Я скомандовал, люди, как могли быстро пошли на запад. Некоторое время мы могли держать высокий темп, пытаясь оторваться от русских. Но рёв за спиной неумолимо нарастал. Многие стали оборачиваться, на лицах застыло отчаяние.
Иногда я слышал, как щёлкают затворы винтовок, но было понятно – нам не выдержать боя. Ни укрытия, ни возможности вырыть окоп, ни гранат у нас уже не было.
Через час, может больше, стало очевидно – враг близко. Я принял решение и остановил солдат. Группами по несколько десятков человек мои подчинённые толпились вокруг. Отставшие солдаты медленно подходили к нам, тихо спрашивали, что делать. Многие устало опускались на землю. Но кое-кто всё равно упрямо шагал на запад. Их силуэты растворялись в белой дымке, висевшей над степью.

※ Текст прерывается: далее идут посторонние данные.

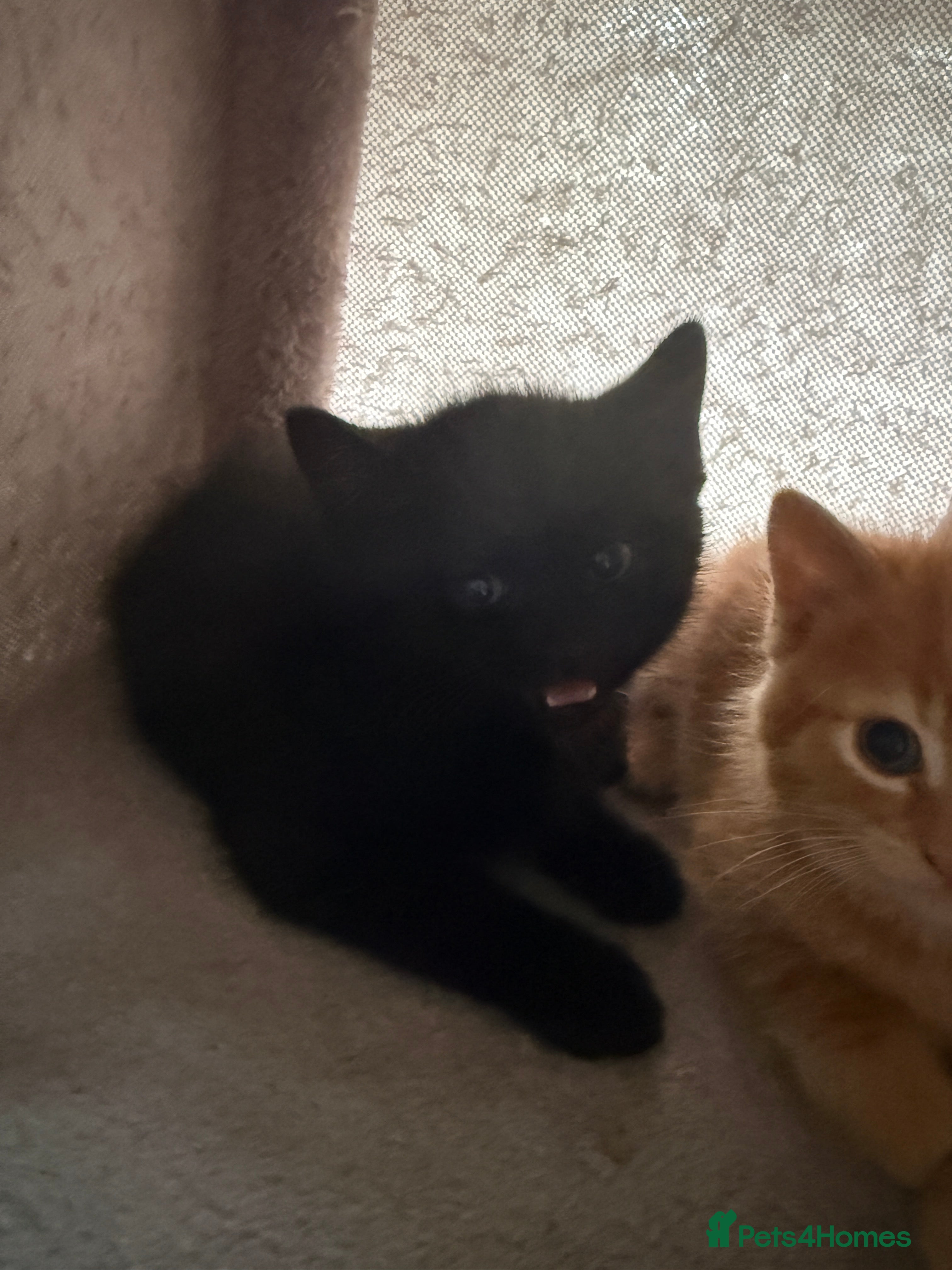 Mixed Breed cats Gorgeous little kittens - Advert 2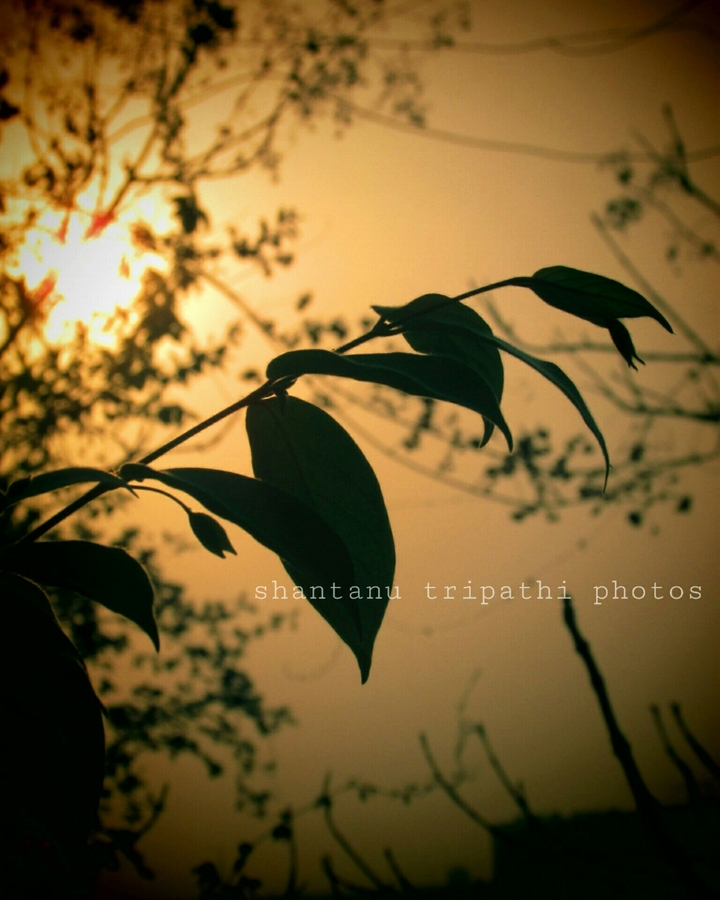Nature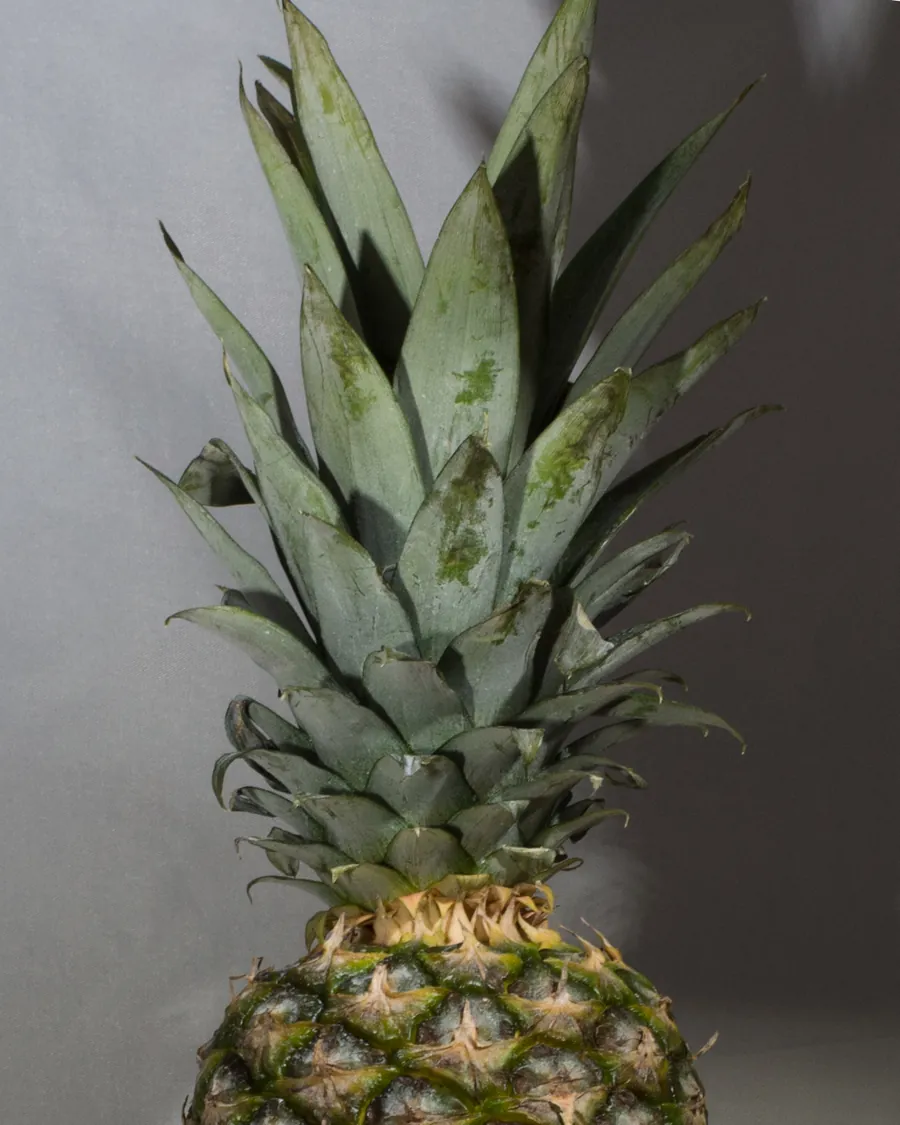 A pineapple with its crown intact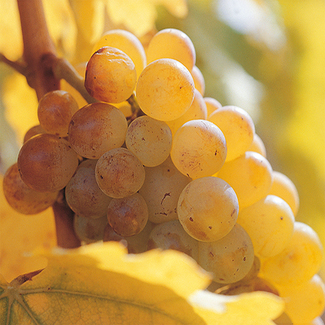 La esencia de los vinos aszú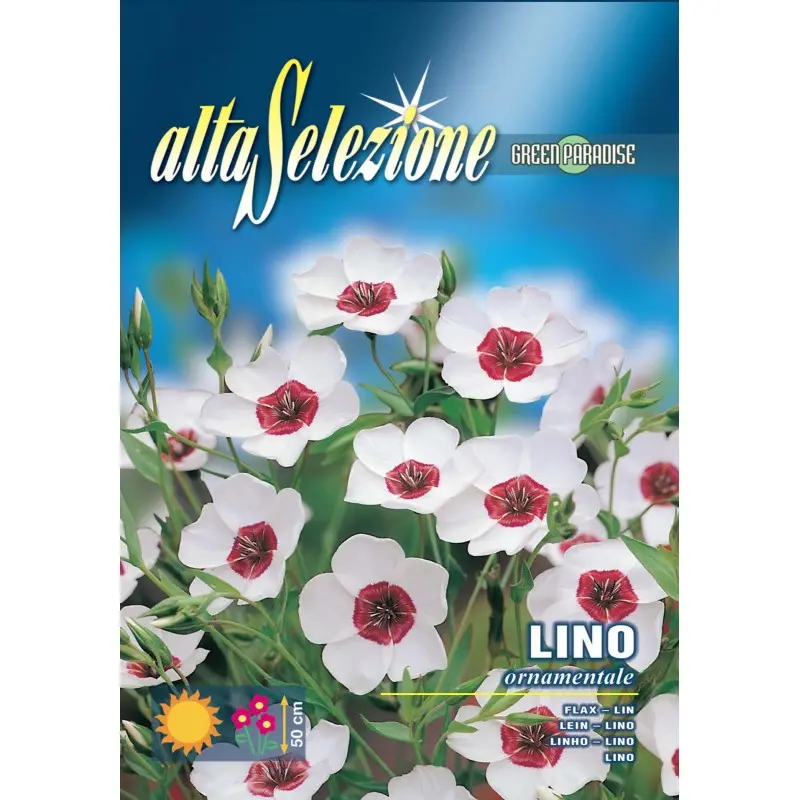 Seminte inul inflorit Ornamental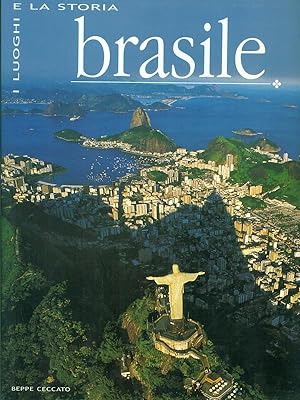 Bild des Verkufers fr Brasile zum Verkauf von Librodifaccia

Русские перед нами замедлили движение. Они, как плугом, окружили нас, заставляли моих солдат сдвигаться друг к другу. Мы молча отступали от них, прижимаясь. Никто не произнёс ни слова, только моторы рвали мне бронхи.
Наконец, они замерли и заглушили двигатели.
Несколько томительных секунд ничего не происходило. Никто не стрелял. Я слышал только сдавленный хрип из глоток, да скрип снега.
Наконец, у одного из ближайших танков открылся люк на башне, и мы увидели улыбающегося русского танкиста.
– Эй, фрицы! – закричал он, высунувшись по пояс из люка. – Пошли с нами чай пить!
Дорогая Марта. Ты помнишь, как я читал тебе русского писателя Теодора Достоевского, старательно переводя его сложный язык? Ты всегда смеялась, когда я читал по-русски, говорила, что при этом забавно топорщу усы, пытаясь изобразить русского человека. Никто не знал из нас тогда, что моё знание этого языка сослужит такую службу…
Я увидел, как какой-то урод, один из офицеров, вытащил из кобуры «парабеллум» и выстрелил в танкиста. Тот качнулся назад, потом завалился вперёд на броню. Его чёрный шлем слетел с головы, раскрыв пучок соломенных волос. Потом русский танкист провалился внутрь танка, его видимо, затащили другие члены экипажа. На мгновение кто-то мелькнул, захлопывая с железным лязгом люк. И всё стихло.
Мыслей не было. Всё остановилось. Стало пронзительно тихо и холодно. Нас охватила оцепеняющая вечность.
А потом моторы разом взревели, сизые клубы удушливого дыма взметнулись вокруг нас, хлопки выстрелов и страшные крики заживо раздавливаемых людей заполнили всё моё существо.
Я пошёл прочь. Не бежал, не пытался прятаться или стрелять. Я шёл, вжав в плечи шею и сутулясь. Просто шёл, механически переставляя ноги, ни о чём не думая. Смерть шла рядом, иногда поглядывая на меня, не забывая попутно собирать свой кровавый урожай. Она, насытившись, отпустила меня, может быть потому, что я в те минуты был трупом, а потому не представлял для неё никакого интереса.
Как-то незаметно вокруг меня образовалась команда бредущих солдат.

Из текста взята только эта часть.